RogerBW's Blog

The Science of Food, Marty Jopson 27 January 2018

2017 non-fiction, popular science; short treatments of scientific aspects of farming, food transport and cooking.

While the individual pieces don't seem much longer than the ones in The Science of Everyday Life, having a tighter theme makes it possible to group them in loose subject areas, leading to some possibility of a deeper treatment.

There were things here I didn't know – I say this not to boast, but because it may mean that you don't know some of them too – like the nature and use of modified starch, and the detailed physics of heating sugar and freeze drying.
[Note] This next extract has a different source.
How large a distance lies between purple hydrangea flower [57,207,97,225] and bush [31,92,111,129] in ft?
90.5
It feels disconcerting to drop from a detailed treatment of starch polymerisation into an explanation for the unscientific of how boiling works, but the book holds together even so.

There is a distressing tendency not to check things carefully when they support paternalistic orthodoxy: Jopson's quite happy to talk about how the substance of a chopping-board appears to be uncorrelated with the degree to which it accumulates bacteria (with references to experiments in which he's been involved), but he accepts recommended daily intake figures without question, and when something appears to be pointing towards a conventional piece of advice such as, say, reducing fat intake, he doesn't try to confirm that experimental finding or mention the history of how dietary advice has changed. It all rather reminded me of the MythBusters episodes where they tested various means of not getting caught at criminal activity: one knew going in that all these methods were going be presented as useless.

Even so, it's good fun, if rather short overall.